On the other hand, Casscles finds a couple of entries in Jancis Robinson, et al., Wine Grapes, regarding hybrid varieties are at times a tad off the mark. In his very extensive endnotes to each chapter he frequently cites Wine Grapes and where needed carefully provides corrections of that version.
The book is well-illustrated with many black-and-white photos, drawings, and diagrams as well as a set of color plates of 27 different varieties. It has but two maps, one of fruit-growing areas of the Hudson Valley, and another of the hardiness zones of NY State, showing the zones from 3a to 6b, but without explanation of what the zones actually mean. The map is based on the USDA Agriculture Research Service NY Plant Hardiness Zone Map, but if one were to go online to the USDA Website a far more detailed Zone map shows the entire range of the zone system, which is based on the minimum temperature range for each zone. Thus, zone 3b has a minimum range of -35 to -30° F., while zone 6b ranges down to -5 to 0° F. Indeed, the online map doesn’t even refer to zone 3a, which would have a range below -35° F.
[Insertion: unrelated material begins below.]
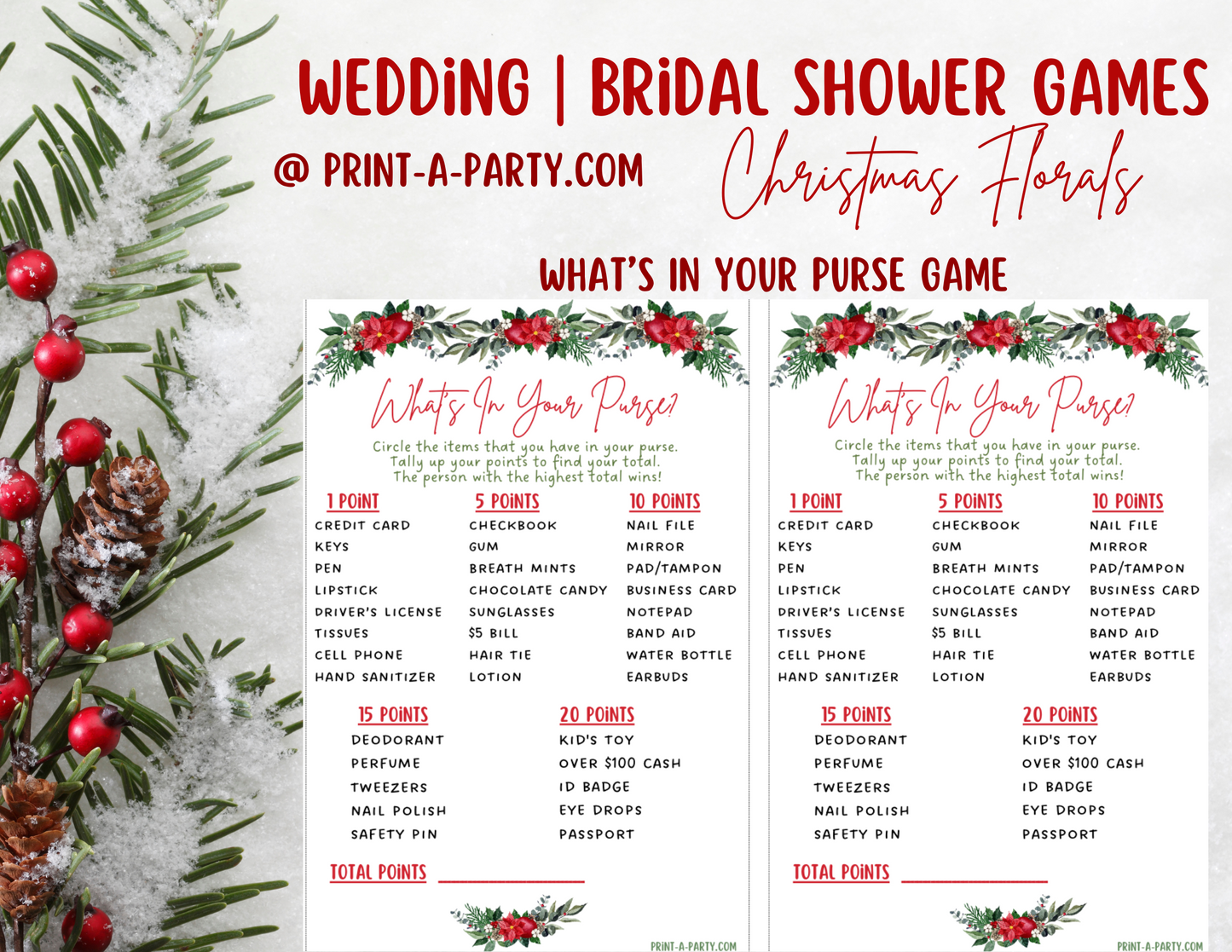 GAME BUNDLE: Bridal Christmas Shower Game Bundle 2 | Christmas Bridal Theme | Christmas Wedding Shower | INSTANT DOWNLOAD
But these are mere quibbles when one considers the overall quality and detail of the information provided in Casscles’ book. It is a real accomplishment and deserves respectful attention, particular from growers, winemakers, and anyone who is determined to cultivate cold-weather varieties and make wine from them, not to speak of serious oenophiles of any persuasion. Apart from the excellent and extensive endnotes to each chapter there is also a substantial bibliography as well as an index to the individual varieties covered in the text as well as a general index.
J. Stephen Casscles, Grapes of the Hudson Valley and Other Cool Climate Regions of the United States and Canada. Forward by Kevin Zraly, Preface by Eric Miller. Coxsackie, NY: Flint Mine Press, 2015. 266 pages, including the Introduction and Indices. Paperback, $29.99.
Casscles has been a government attorney for the NY State Senate for the past 28 years, and has drafted at least 22 laws bearing on the wine and spirits industry, working with six State Senators over that period. He has been growing wine grapes at his farm in Athens, NY, since 1990. He is also the winemaker for the Hudson-Chatham Winery.